> EXERCISE OBJECTIVE
In the listing below, find the line containing "Pink Watercolor Cherry" and the line containing "GOOACC Brake Bleeder". Repeat exactly those two lines and every line between them, nothing more.

> RECORDS PROVIDED

================================

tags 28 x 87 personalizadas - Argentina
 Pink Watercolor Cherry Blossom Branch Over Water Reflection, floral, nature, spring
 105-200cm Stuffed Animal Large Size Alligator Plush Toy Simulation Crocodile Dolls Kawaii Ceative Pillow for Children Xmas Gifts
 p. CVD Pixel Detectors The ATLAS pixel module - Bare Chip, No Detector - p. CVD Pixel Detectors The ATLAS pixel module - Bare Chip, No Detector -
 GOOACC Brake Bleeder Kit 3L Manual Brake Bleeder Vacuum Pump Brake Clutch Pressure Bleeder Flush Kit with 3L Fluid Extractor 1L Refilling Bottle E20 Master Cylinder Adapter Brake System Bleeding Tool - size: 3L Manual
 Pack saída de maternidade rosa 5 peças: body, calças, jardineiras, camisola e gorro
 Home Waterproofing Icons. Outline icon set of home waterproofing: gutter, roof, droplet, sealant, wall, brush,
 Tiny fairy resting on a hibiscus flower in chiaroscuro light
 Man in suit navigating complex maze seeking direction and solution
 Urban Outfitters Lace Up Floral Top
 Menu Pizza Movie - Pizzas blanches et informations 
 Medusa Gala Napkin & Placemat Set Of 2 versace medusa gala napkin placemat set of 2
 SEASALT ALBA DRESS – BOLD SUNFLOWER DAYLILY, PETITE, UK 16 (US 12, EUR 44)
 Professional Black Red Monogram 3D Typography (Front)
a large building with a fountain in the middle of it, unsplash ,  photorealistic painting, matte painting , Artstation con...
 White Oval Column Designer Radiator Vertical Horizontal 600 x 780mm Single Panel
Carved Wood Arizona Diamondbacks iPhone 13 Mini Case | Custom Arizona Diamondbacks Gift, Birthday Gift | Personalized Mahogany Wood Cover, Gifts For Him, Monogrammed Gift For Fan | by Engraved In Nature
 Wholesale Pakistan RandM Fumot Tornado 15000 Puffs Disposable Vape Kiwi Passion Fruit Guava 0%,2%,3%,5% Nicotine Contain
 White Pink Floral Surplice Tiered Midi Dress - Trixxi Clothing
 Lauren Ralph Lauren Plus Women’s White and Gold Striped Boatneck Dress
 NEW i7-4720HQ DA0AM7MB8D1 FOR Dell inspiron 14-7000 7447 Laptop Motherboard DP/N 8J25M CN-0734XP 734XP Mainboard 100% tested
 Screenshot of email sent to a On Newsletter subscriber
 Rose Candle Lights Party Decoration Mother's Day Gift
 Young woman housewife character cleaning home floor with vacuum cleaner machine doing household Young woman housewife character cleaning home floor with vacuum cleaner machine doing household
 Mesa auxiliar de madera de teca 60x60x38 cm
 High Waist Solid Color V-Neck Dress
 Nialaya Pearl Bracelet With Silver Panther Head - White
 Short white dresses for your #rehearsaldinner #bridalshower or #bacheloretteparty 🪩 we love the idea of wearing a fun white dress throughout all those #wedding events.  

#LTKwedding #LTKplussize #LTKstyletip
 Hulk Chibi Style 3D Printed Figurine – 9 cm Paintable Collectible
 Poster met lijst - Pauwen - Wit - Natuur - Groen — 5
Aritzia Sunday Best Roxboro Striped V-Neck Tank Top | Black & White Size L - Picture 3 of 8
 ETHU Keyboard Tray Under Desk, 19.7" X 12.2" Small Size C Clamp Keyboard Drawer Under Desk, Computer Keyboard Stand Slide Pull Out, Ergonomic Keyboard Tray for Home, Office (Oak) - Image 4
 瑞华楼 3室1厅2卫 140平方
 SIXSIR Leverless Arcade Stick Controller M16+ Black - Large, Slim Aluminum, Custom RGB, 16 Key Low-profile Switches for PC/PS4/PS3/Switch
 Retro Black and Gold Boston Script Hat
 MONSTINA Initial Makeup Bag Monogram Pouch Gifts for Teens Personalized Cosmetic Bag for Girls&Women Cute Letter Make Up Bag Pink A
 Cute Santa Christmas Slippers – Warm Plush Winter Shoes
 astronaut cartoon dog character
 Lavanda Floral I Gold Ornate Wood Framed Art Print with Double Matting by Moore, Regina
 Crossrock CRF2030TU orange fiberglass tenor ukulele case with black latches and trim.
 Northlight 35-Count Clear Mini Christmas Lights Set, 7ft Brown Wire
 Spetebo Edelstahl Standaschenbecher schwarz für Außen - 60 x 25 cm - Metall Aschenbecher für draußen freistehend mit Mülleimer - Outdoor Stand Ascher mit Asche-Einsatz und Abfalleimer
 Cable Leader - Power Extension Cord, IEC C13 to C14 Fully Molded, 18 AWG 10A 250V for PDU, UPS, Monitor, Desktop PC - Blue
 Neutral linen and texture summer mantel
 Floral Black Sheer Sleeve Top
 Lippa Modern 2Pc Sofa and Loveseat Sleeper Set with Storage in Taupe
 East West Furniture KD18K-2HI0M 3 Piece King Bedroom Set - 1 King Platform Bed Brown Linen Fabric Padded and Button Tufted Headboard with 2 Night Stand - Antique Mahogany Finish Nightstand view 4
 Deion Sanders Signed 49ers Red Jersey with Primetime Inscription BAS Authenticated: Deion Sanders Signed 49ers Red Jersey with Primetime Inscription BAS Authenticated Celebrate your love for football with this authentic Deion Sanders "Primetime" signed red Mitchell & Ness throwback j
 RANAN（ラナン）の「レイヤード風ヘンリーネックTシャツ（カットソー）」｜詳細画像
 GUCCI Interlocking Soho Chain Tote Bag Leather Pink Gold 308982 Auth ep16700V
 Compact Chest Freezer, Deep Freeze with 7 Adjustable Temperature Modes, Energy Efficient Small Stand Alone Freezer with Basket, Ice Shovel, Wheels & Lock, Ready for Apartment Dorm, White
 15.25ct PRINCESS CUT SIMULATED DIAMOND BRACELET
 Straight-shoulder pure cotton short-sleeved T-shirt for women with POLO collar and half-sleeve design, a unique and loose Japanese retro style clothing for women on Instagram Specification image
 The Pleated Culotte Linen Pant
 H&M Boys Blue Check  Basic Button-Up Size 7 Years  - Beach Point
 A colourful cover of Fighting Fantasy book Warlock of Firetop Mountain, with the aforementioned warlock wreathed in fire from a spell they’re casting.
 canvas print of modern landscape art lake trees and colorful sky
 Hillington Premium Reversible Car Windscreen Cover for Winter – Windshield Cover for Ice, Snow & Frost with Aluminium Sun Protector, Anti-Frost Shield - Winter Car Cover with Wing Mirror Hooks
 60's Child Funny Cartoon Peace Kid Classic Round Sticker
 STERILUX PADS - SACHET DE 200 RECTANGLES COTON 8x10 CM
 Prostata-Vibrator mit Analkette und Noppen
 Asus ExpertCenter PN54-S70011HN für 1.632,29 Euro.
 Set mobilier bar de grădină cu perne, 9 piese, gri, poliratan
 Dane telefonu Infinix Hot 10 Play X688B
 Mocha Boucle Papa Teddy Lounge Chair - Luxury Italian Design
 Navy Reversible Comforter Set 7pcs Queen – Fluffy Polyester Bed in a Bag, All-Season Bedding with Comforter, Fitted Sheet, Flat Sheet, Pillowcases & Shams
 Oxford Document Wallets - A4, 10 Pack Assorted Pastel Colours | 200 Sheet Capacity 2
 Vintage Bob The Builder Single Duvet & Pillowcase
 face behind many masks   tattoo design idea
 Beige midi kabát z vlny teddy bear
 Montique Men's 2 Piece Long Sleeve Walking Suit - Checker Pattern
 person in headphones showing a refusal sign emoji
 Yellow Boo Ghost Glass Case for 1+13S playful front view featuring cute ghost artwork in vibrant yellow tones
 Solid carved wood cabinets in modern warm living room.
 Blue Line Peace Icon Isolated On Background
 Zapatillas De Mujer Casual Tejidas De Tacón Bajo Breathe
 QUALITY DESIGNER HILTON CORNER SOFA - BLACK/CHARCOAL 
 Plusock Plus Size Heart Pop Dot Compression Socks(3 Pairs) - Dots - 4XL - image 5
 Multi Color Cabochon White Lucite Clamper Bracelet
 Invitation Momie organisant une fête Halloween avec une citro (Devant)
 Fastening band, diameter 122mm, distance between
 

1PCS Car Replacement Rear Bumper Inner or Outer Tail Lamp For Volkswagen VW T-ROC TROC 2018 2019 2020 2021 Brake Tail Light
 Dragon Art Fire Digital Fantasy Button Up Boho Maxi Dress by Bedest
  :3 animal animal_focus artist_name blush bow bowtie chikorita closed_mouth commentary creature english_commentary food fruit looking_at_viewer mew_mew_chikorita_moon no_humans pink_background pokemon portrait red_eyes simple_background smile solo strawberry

================================

> RESPONSE BELOW
 Pink Watercolor Cherry Blossom Branch Over Water Reflection, floral, nature, spring
 105-200cm Stuffed Animal Large Size Alligator Plush Toy Simulation Crocodile Dolls Kawaii Ceative Pillow for Children Xmas Gifts
 p. CVD Pixel Detectors The ATLAS pixel module - Bare Chip, No Detector - p. CVD Pixel Detectors The ATLAS pixel module - Bare Chip, No Detector -
 GOOACC Brake Bleeder Kit 3L Manual Brake Bleeder Vacuum Pump Brake Clutch Pressure Bleeder Flush Kit with 3L Fluid Extractor 1L Refilling Bottle E20 Master Cylinder Adapter Brake System Bleeding Tool - size: 3L Manual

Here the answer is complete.